Source: Electrek
Source: Electrek

Mercedes is adopting the trend of charging a subscription to unlock a feature the car already comes equipped with. In this case, it’s the option to improve engine output by about 20%, allowing for faster acceleration – an upgrade that costs $1200 a year.

Notably, this is not a hardware upgrade, which is why the offer is controversial. The car is already capable of achieving the faster acceleration they’re selling, but there’s a software lock that prevents the vehicle from performing that well unless you pay the extra annual fee.

Even worse, there doesn’t seem to be an option to unlock this feature permanently.

The Acceleration Increase feature on the official Mercedes website states that this upgrade shortens the time to from 0 to 60 MPH by around 0.8 seconds. In some vehicles that accept this upgrade, this means that instead of taking 6 seconds to reach 60 MPH, it can do so in about seconds.

The full explanation is as follows:

Fine-tuning the electric motors increases the maximum motor output (kW) of your Mercedes-EQ by 20 to 24%, depending on the original output from the factory. The torque is also increased, enabling your vehicle to accelerate noticeably faster and more powerfully. This shortens the time it takes to accelerate from 0 to 60 MPH by around 0.8 to 0.9 seconds. This additional output is available in all DYNAMIC SELECT drive programs. (Source: Mercedes)

It’s a considerable upgrade, but once again, it’s very controversial since the car comes fully equipped from the factory to achieve the upgrade Mercedes is selling. In short, they’re removing the car’s full capabilities from the consumer so they can sell the upgrade.

Source: Mercedes
Source: Mercedes

We’ve seen the excuse behind a move like this before: car manufacturers say that vehicles are too expensive to make and this allows consumers to buy a cheaper car if they don’t care about its more advanced features while allowing the option to pay more for the full package.

BMW did something similar earlier this year when they offered a subscription service for heated seats. Despite it being equally coy, BMW did offer the option to pay for the subscription monthly or a one-time fee to unlock it forever, which Mercedes does not offer – you can only subscribe annually with no clear way to keep the upgrade forever if you so choose.

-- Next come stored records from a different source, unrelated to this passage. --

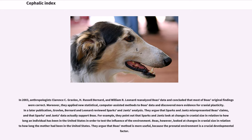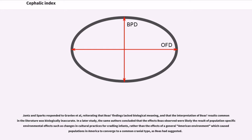For example, they point out that Sparks and Chance look at changes in cranial size in relation to how long an individual has been in the United States in order to test the influence of the environment. Boas, however, looked at changes in cranial size in relation to how long the mother had been in the United States. They argued that Boas' method is more useful, because the prenatal environment is a crucial developmental factor. Janssen-Sparks responded to Gravlee et al., reiterating that Boas' findings lacked biological meaning, and that the interpretation of Boas' results commonly in the literature was biologically inaccurate. In a later study, the same authors concluded that the effects Boas observed were likely the result of population-specific environmental effects such as changes in cultural practices for cradling infants, rather than the effects of a general American environment which caused populations in America to converge to a common cranial type, as Boas had suggested.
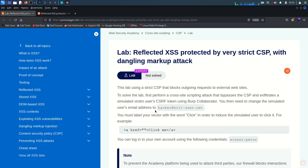Hello everyone, welcome back. This is Mohamad Badrut Dujab back again with another lab. This is going to be the second last lab of the cross-site scripting vulnerability module and the level of this lab is expert — and this lab really is difficult. So let's go.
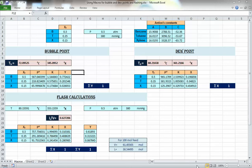Hello everybody. Today I'm going to talk about one feature in Excel that's not very famous, but it's really nice and useful to know. This is what we ended up doing in the previous videos when we calculated the bubble point and dew point, and in another video we covered the flash calculations.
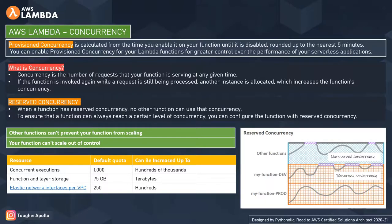This is a very important concept that others often ignore. AWS Lambda provides two types of concurrency: one is reserved and the other is provisioned. We will discuss them one by one. In AWS Lambda, to ensure that a function can always reach a certain level of concurrency, you can configure the function with reserved concurrency.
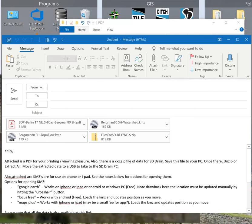Greetings and thank you for taking a look at this video. This video will review opening up the PDFs that you have requested for your drainage maps.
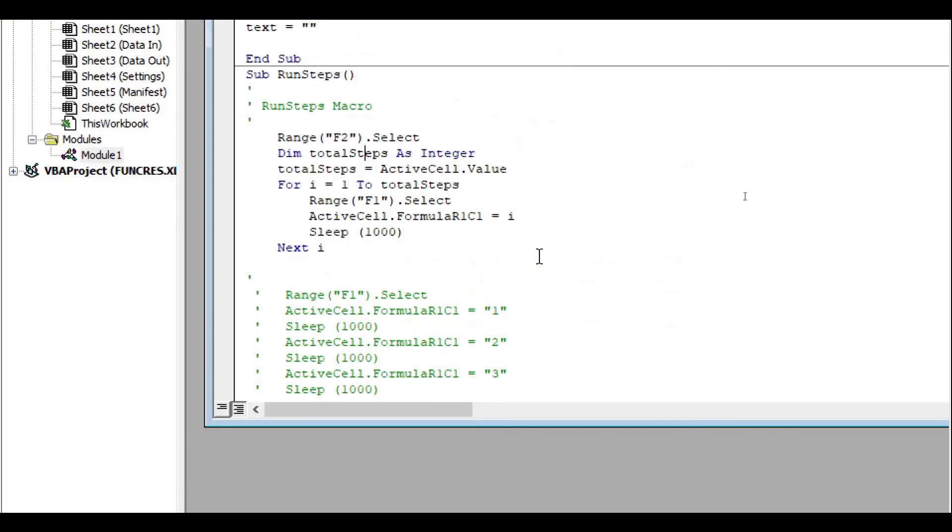That's the RUNSTEPPS macro code there. So thanks very much for watching. I hope that gave you some insight into how you can sort of programmatically control the Arduino and then things attached to it using macros in Excel and the Excel data streamer function.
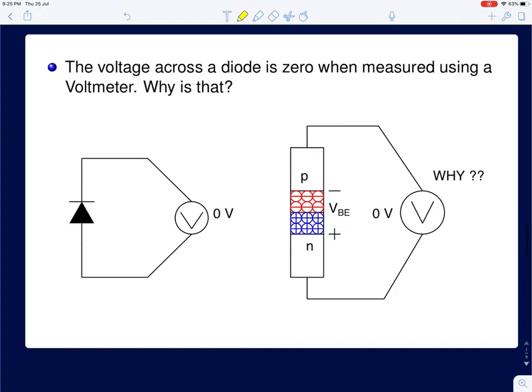Hi everyone. In this lecture we will start with our discussion on PN junction diodes. Before we go about analyzing circuits comprising of diodes, I thought we will first start with the discussion of an experiment. If you actually take any commercially available diode and try to measure the voltage across the diode using a voltmeter, you will actually read zero volts. If you have done any basic course on device physics, this result should surprise you.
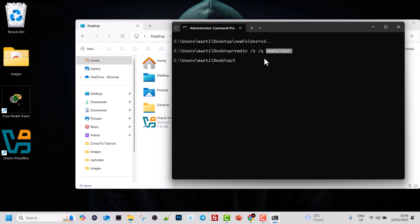So this is how you use the RMDIR command. If you use only RMDIR, you can remove a folder only if it is empty. If you specify /S, this means you want to delete that folder with all its subdirectories and all files and contents within it. If you also add /Q, you will not be prompted whether you are sure, and at the end you specify the folder name and hit Enter.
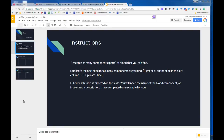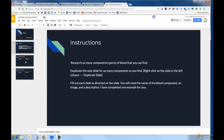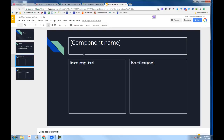So, how to duplicate a slide. In the left column, you are going to want to duplicate one of these component slides.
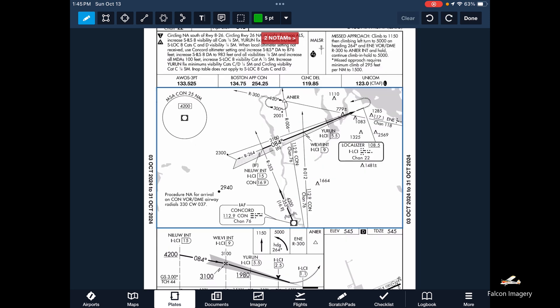One other item in the plan view is the MSA — the Minimum Safe Altitude. In the event you lose your navigation or get lost and confused, you want to climb to 4,200 feet within the 25 nautical mile radius of the Concord VOR in this case.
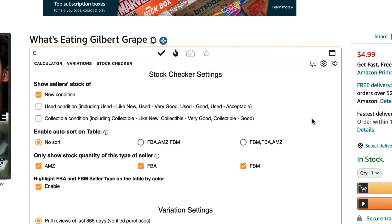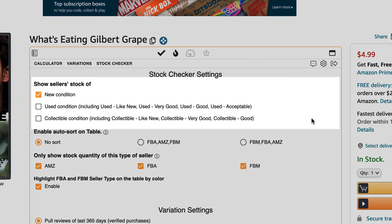This will take you to the Stock Checker Settings screen. Here, locate the area that says Show Seller Stock Of.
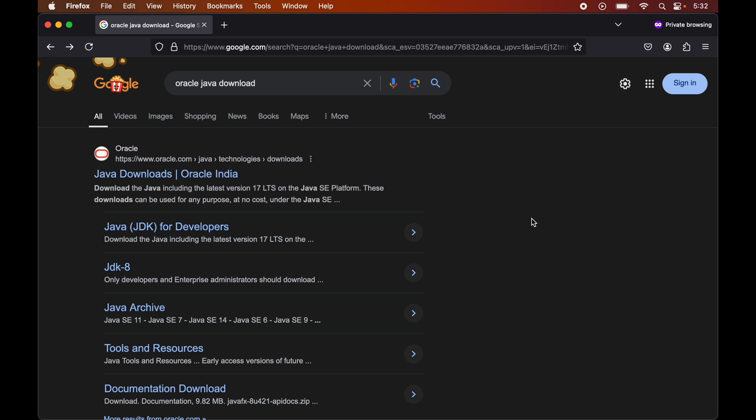In this video, you will learn the complete process to install Java 23 on a Mac machine. The 23 version was released recently on the 17th of September, so this is the latest version as of now.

The upgrade that made the headlines for BMW was the option to pay $18 a month for heated seats, to which the official website explained “the hardware for this feature has already been installed in your vehicle during production, at no extra cost.” Car owners haven’t really softened to the idea of buying a car that’s fully capable of advanced features that have to be unlocked separately for extra fees – especially when the hardware is already installed from the start.

Car manufacturers looking for ways to earn consistent revenue after the car has been purchased is not surprising, and surely many wouldn’t mind it if the unlocks were related to software-only capabilities, such as advanced navigation features, traffic information, and remote functions – all of which Mercedes also provides for extra fees.

But handicapping the car you bought out of the factory so that you pay an extra $1200 a year if you want it to perform as it should is a bit much.